Eli I. Ferguson ran a funeral home on Evernia Street during the boom and bust era, which had been started on Clematis Street by brothers James Bernardo and Harry Patrick McGinley. They operated out of the back of J. B. McGinley and Company House Furniture Store; they also sold hardware and real estate. Ferguson moved the funeral business to 636 Evernia Street and then to South Olive Avenue, just south of the present First Baptist Church.

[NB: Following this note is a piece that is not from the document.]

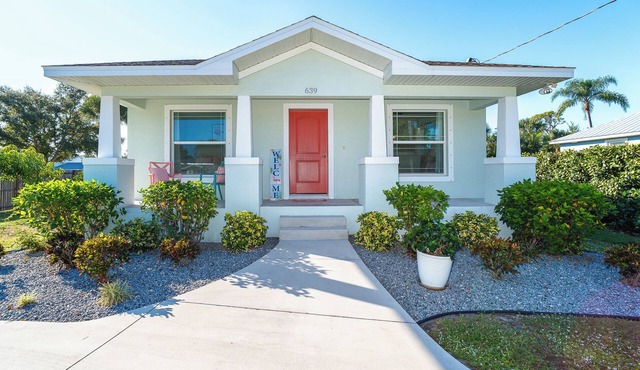 Charming 2-bedroom beach themed Englewood house with heated pool and large yard.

In 1921 Napoleon Washington “Mo” Mizell (1895-1971) came to West Palm Beach. With his wife, Frances Folsum "Frankie" Thomas, Mizell established the Mizell Mortuary at 704 South Dixie Highway for white clients; funeral homes would be segregated for decades to come. Mizell’s boasted of being the only funeral home in West Palm Beach—and possibly in Florida—with a trained nurse available at all times. Frankie Mizell was said to be a registered nurse trained at Orange General Hospital in Orlando.

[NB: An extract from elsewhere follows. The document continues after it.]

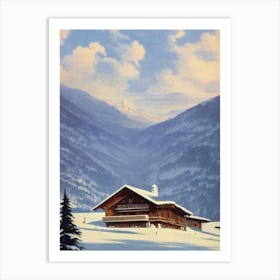 Madonna Di Campiglio, Italy Ski Resort Vintage Landscape 3 Skiing Poster Art Print
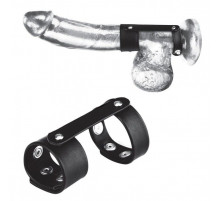 Двойной поддерживаюший ремень для пениса с заклепками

As a “modern” mortician, Mizell offered first aid, autopsy, and ambulance services. Mo and Frankie Mizell answered calls in a Packard sedan ambulance, “preferable in point of taste to the regular … conspicuous type.”
In 1926 and 1928, Mizell lent a hand with the victims of south Florida’s devastating hurricanes. In January 1929, a two-page spread in The Palm Beach Times invited residents to visit the new mortuary at 413 Hibiscus Street, “one of the most complete and modern” in the south. Facilities included a music room, a nurse-supervised “slumber room” for children, guest rooms, and a $25,000 bronze coffin in stock. In 1929 Mizell Mortuary used the services of Belden’s Florist, Lainhart & Potter, and J. J. Cater’s Furniture. Of the three companies Mizell used, Belden’s Florist and J.J. Cater’s Furniture are still in business in Palm Beach County.
Clayton K. Simon, a former postmaster from Kansas, owned the Lake Worth Funeral Home and another in Delray, according to William R. Zern, Jr., who joined Mizell in 1945:
Up here in West Palm Beach, Ferguson and Mizell were splitting it pretty much; we did about 250 calls a year. But C. K. Simon then opened up a funeral home in West Palm Beach, which was pretty much across from Memorial Presbyterian Church [1300 South Olive Avenue]. … [Simon] wasn’t doing any business, and in 34, Mizell was going broke, so they … formed Mizell-Simon Funeral Home.
Lawrence S. Faville, from Iowa, started as an ambulance driver, and later became a partner, as did William Zern. The firm still operates as Mizell-Faville-Zern, although it is owned by Service Corp. International (SCI), the world’s largest funeral and cemetery company.